■ **Provided data**
══════════════════════════════

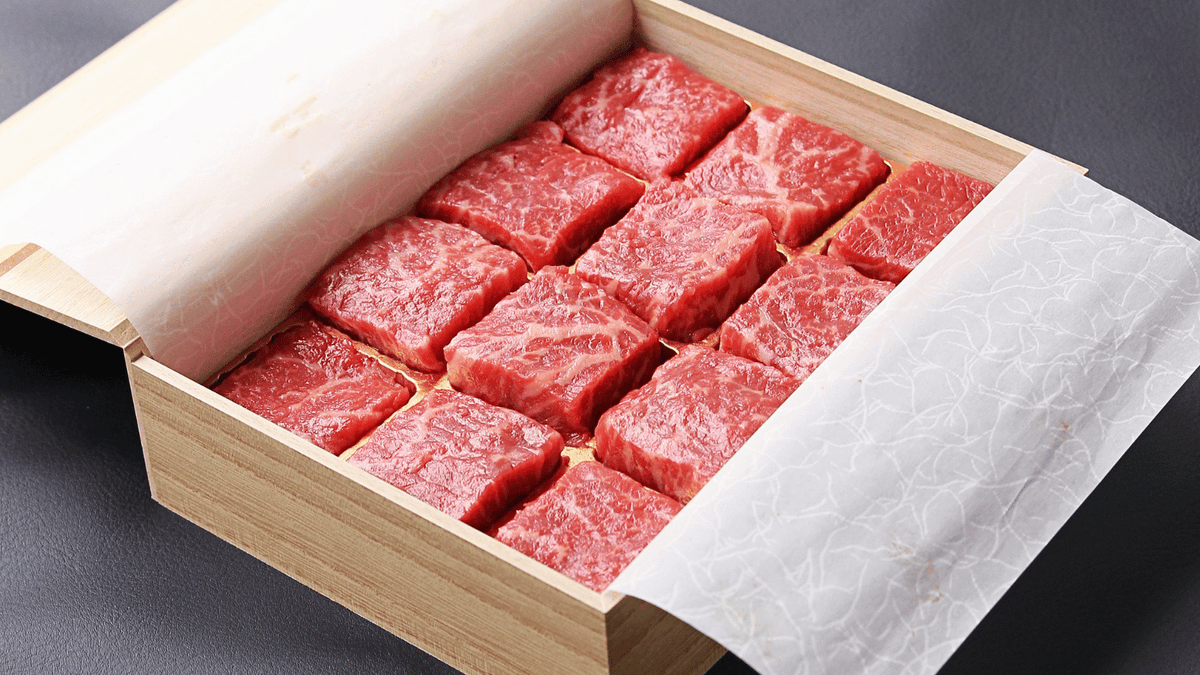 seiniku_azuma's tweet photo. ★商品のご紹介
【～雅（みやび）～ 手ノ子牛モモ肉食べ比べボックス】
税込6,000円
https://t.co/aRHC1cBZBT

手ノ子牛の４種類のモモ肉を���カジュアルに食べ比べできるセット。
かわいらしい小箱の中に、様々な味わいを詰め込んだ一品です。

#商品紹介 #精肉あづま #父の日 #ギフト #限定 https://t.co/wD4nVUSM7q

══════════════════════════════

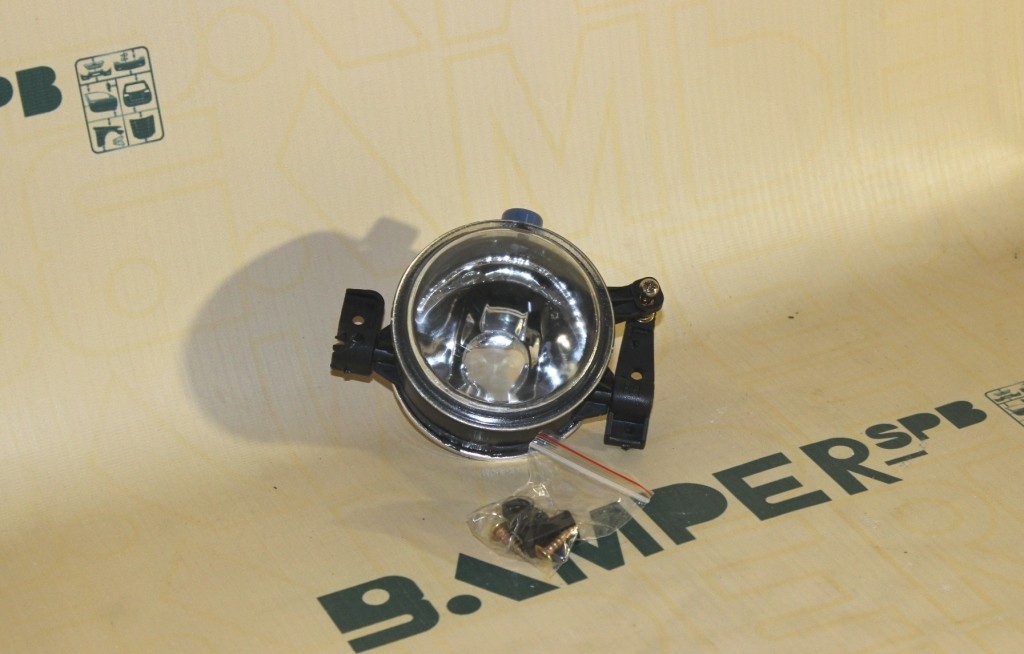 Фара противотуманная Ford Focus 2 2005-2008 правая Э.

══════════════════════════════

Please filter the entries above down to the lines holding "https" and copy them.

https://t.co/aRHC1cBZBT
#商品紹介 #精肉あづま #父の日 #ギフト #限定 https://t.co/wD4nVUSM7q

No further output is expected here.